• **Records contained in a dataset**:

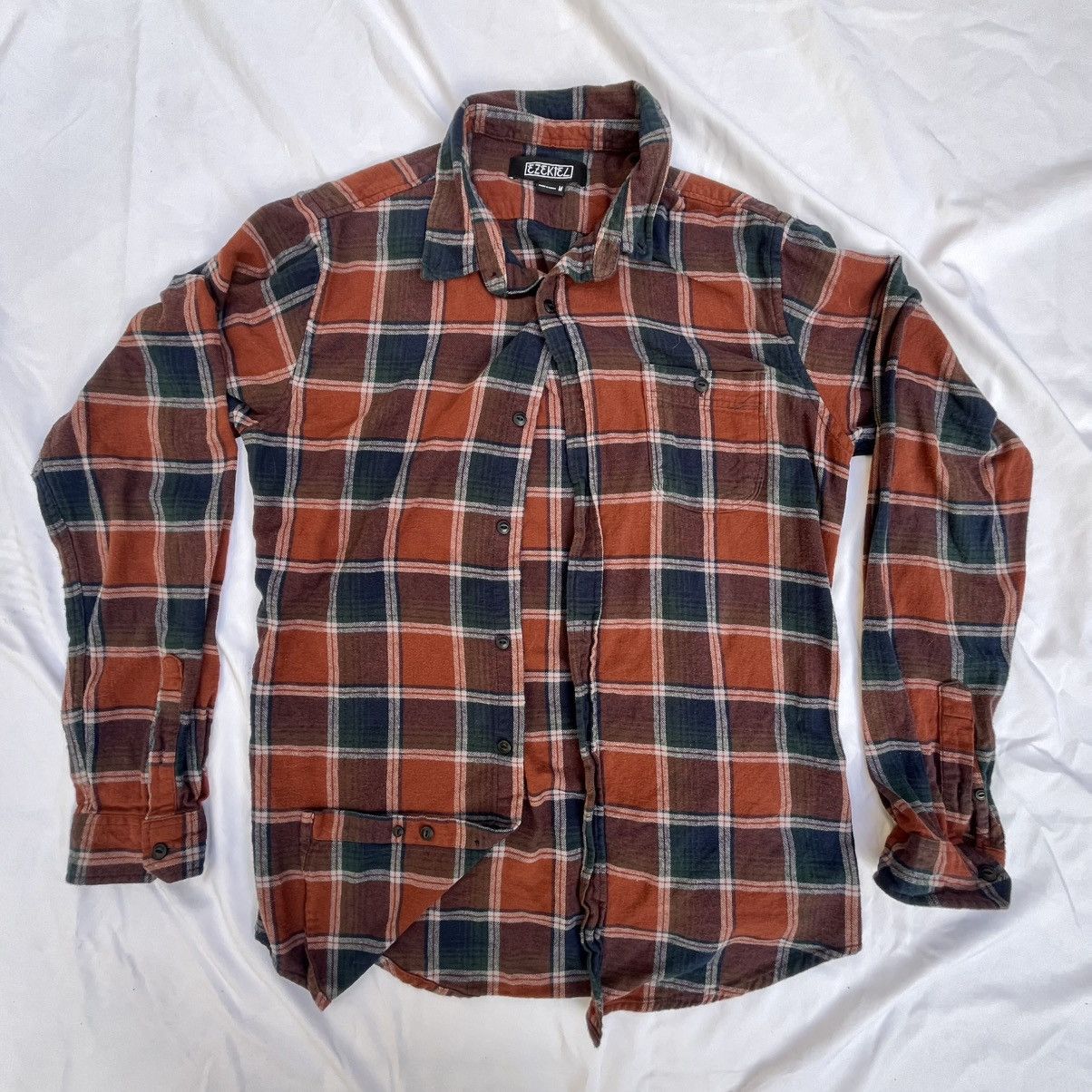 Ezekiel Ezekiel plaid flannel w/ extra buttons Size US M / EU 48-50 / 2 - 1 Thumbnail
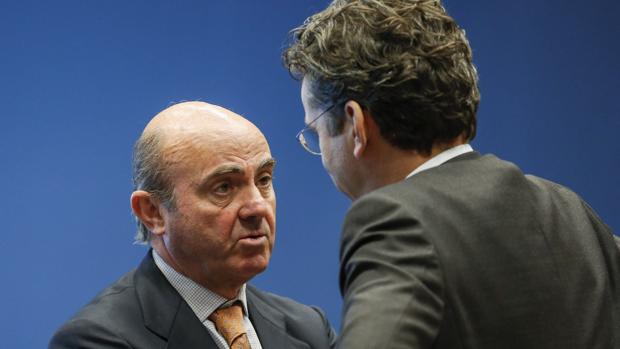 El ministro de Economía español, Luis de Guindos (i), habla con el presidente del Eurogrupo, Jeroen Dijsselbloem, al comienzo de la reunión de los ministros de Economía y Finanzas de la zona del Eurogrupo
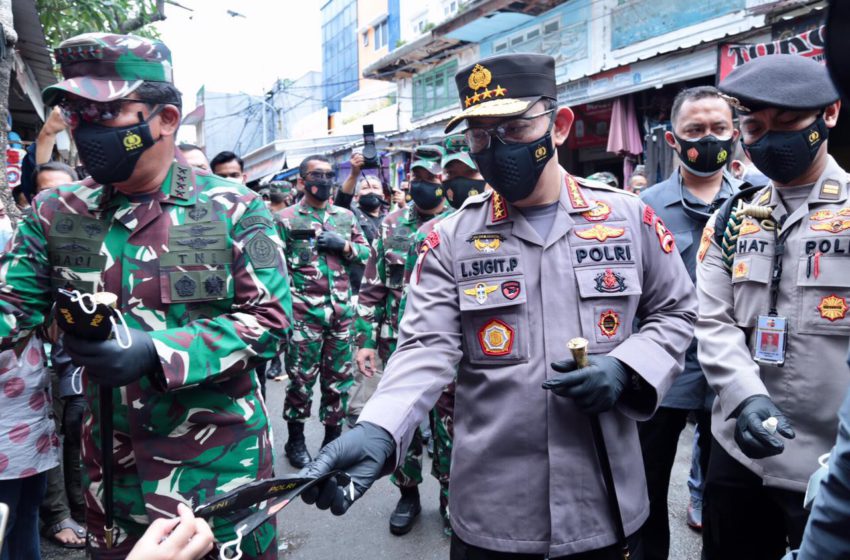  Pantau Prokes, Panglima TNI dan Kapolri Bagikan Masker di Pasar Tanah Abang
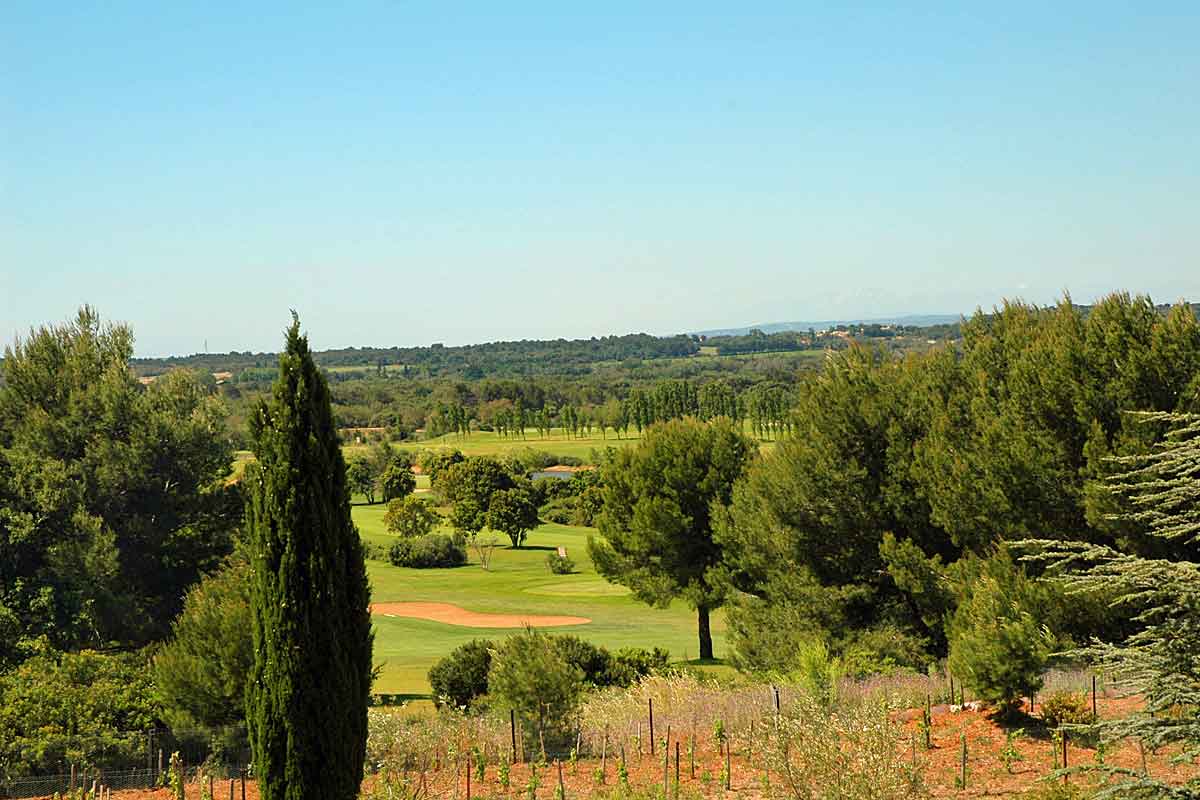 Languedoc Villa with pool sleeps 14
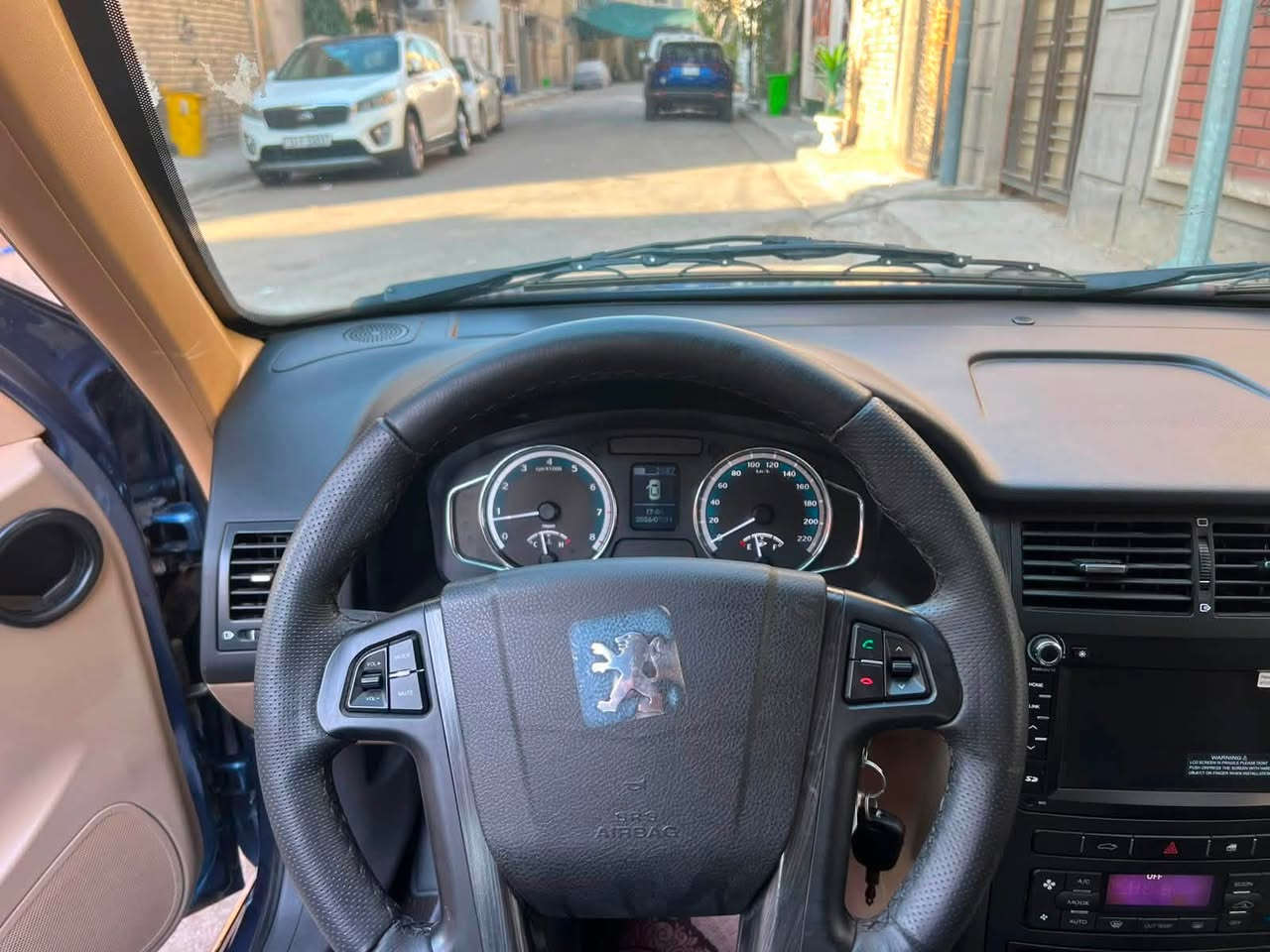 السلام عليكم 

بيجو موديل 2025 ماشيه 2600 مكفوله كفاله عاامه على وضع الشركه تحويل مباشر مكان السياره بغداد 

للاستفسار 
***********
***********
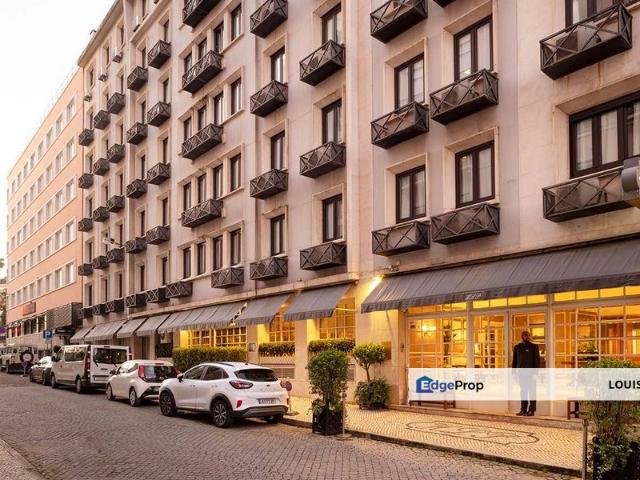 Shop for sale in Malaka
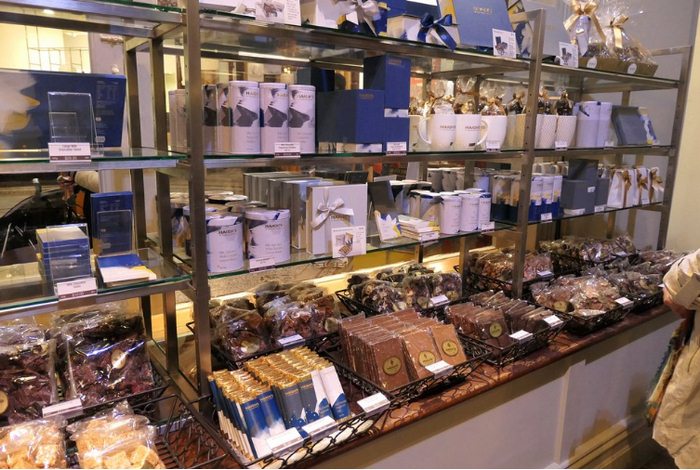 Đi Melbourne mua gì - Cửa hàng Haigh’s Chocolates.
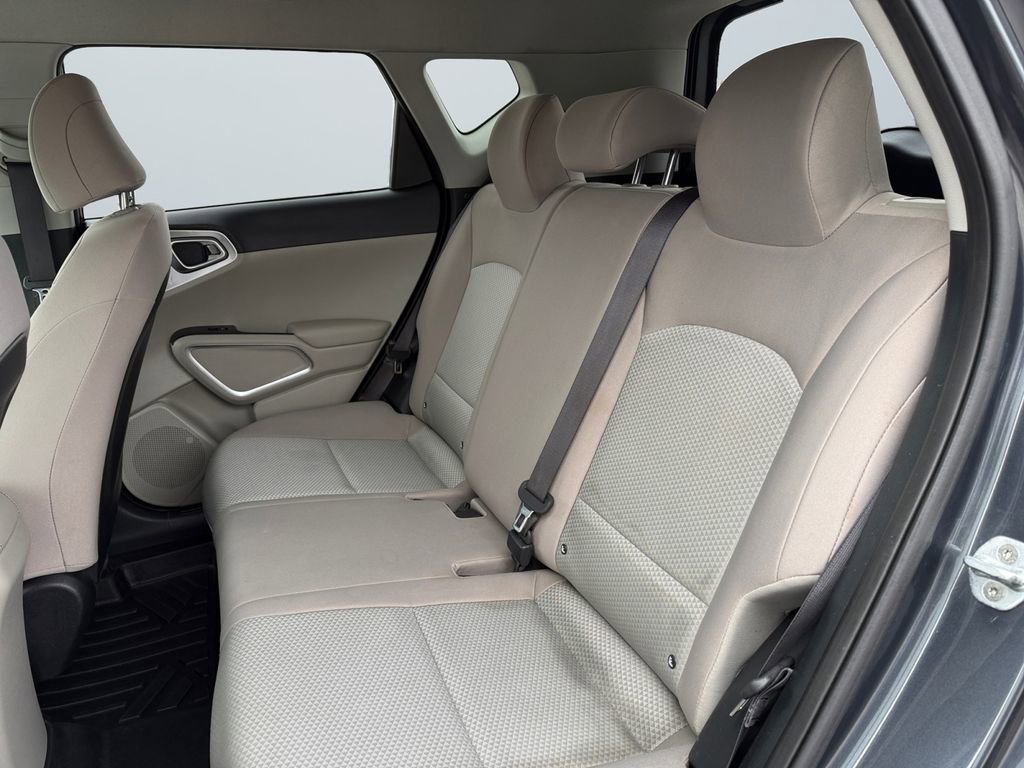 Used 2022 Kia Soul LX image 13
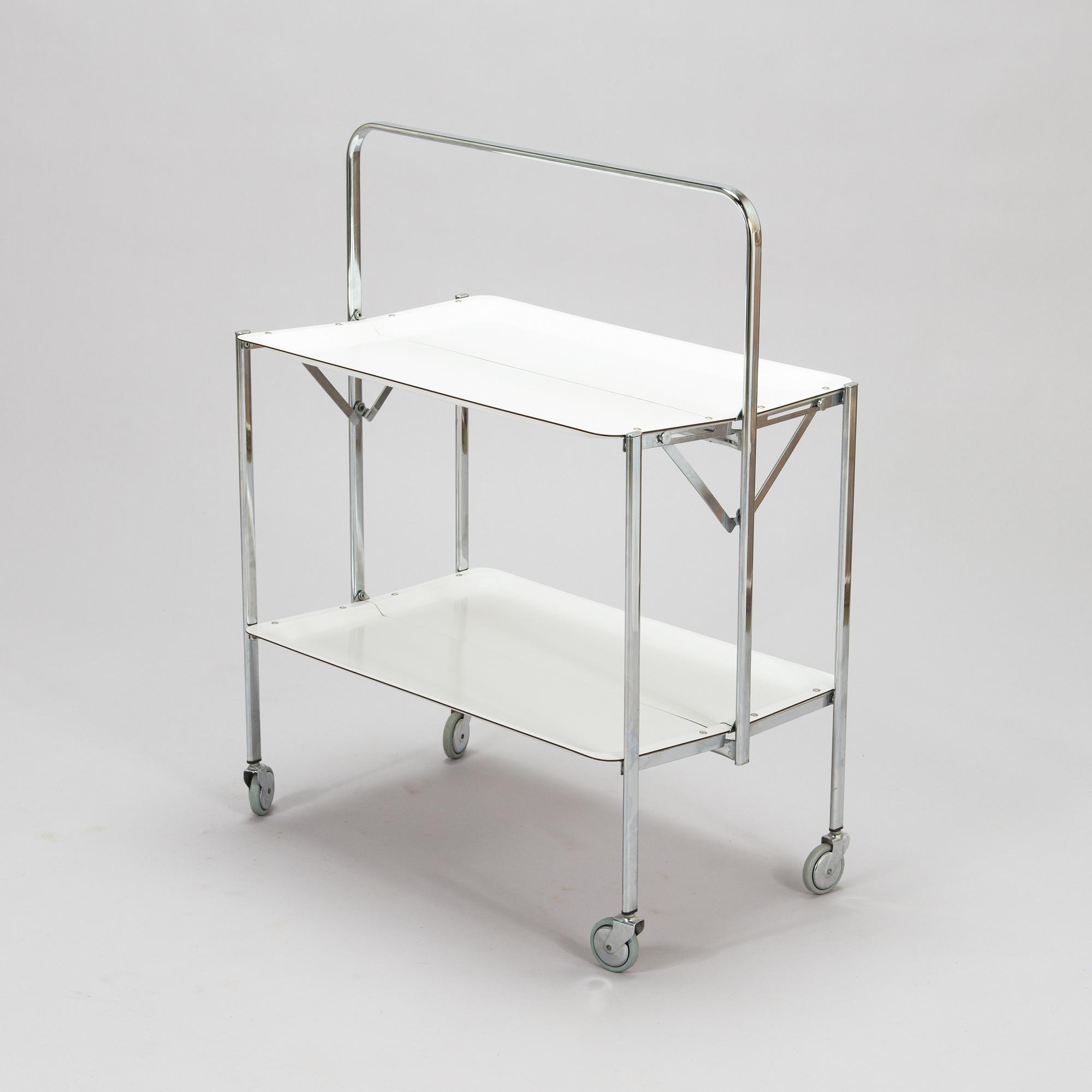 Tarjoiluvaunu, Italia, 1900-luvun loppupuoli.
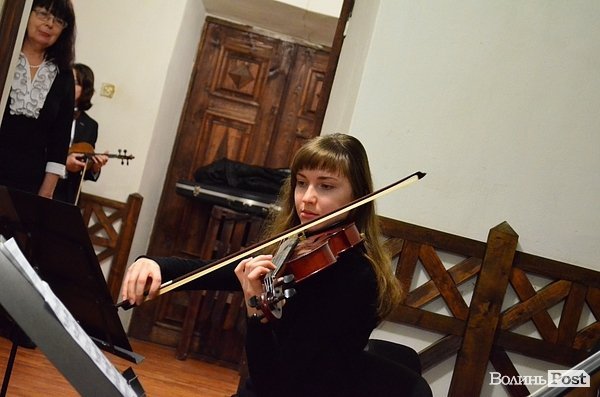 У Луцьку Тетяна Ціхоцька з дітьми співала на День народження Лесі Українки. ФОТО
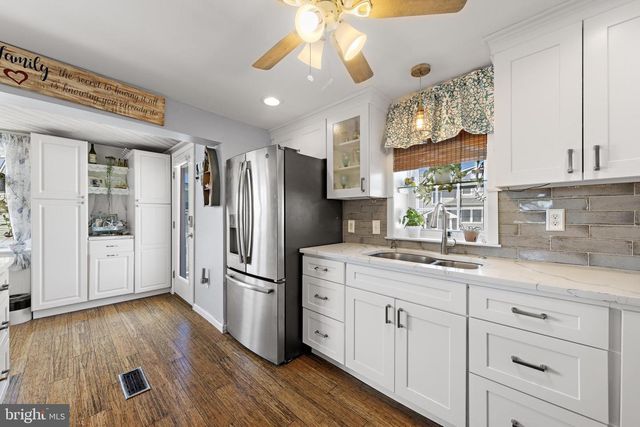78 JERI ANN DRIVE, Manahawkin, NJ 08050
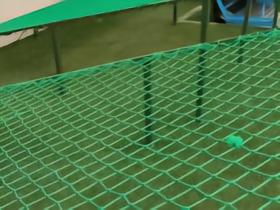 防止球迷冲场受伤？成都蓉城主场看台下设置保护围网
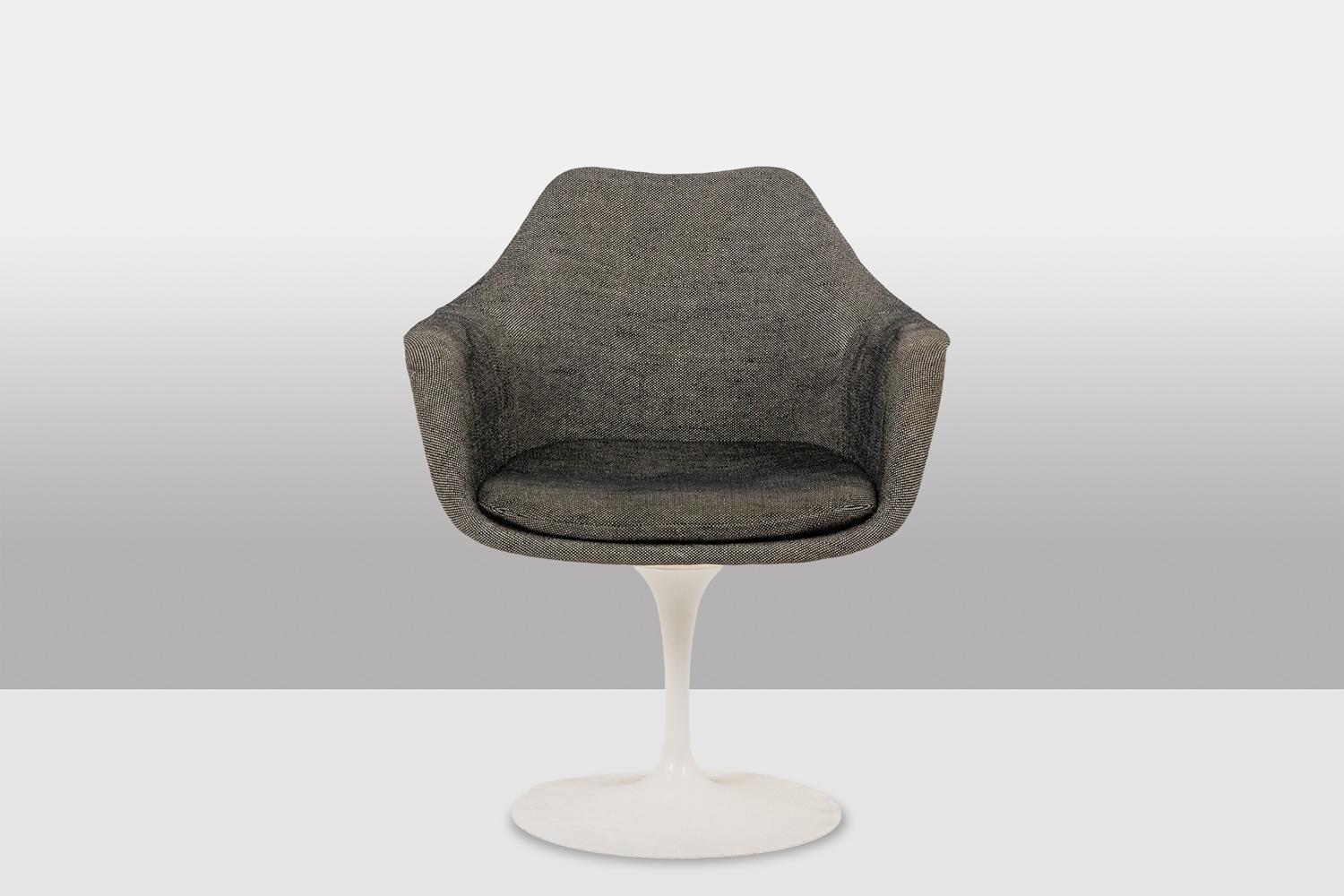 2M1970s.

• **ASSIGNMENT**:
Starting at the line that holds "السلام عليكم", retype every line through the end of the data, both ends included. Pictures stay out of the copy.

• **EXPECTED OUTPUT**:
 السلام عليكم 

بيجو موديل 2025 ماشيه 2600 مكفوله كفاله عاامه على وضع الشركه تحويل مباشر مكان السياره بغداد 

للاستفسار 
***********
***********
 Shop for sale in Malaka
 Đi Melbourne mua gì - Cửa hàng Haigh’s Chocolates.
 Used 2022 Kia Soul LX image 13
 Tarjoiluvaunu, Italia, 1900-luvun loppupuoli.
 У Луцьку Тетяна Ціхоцька з дітьми співала на День народження Лесі Українки. ФОТО
78 JERI ANN DRIVE, Manahawkin, NJ 08050
 防止球迷冲场受伤？成都蓉城主场看台下设置保护围网
 2M1970s.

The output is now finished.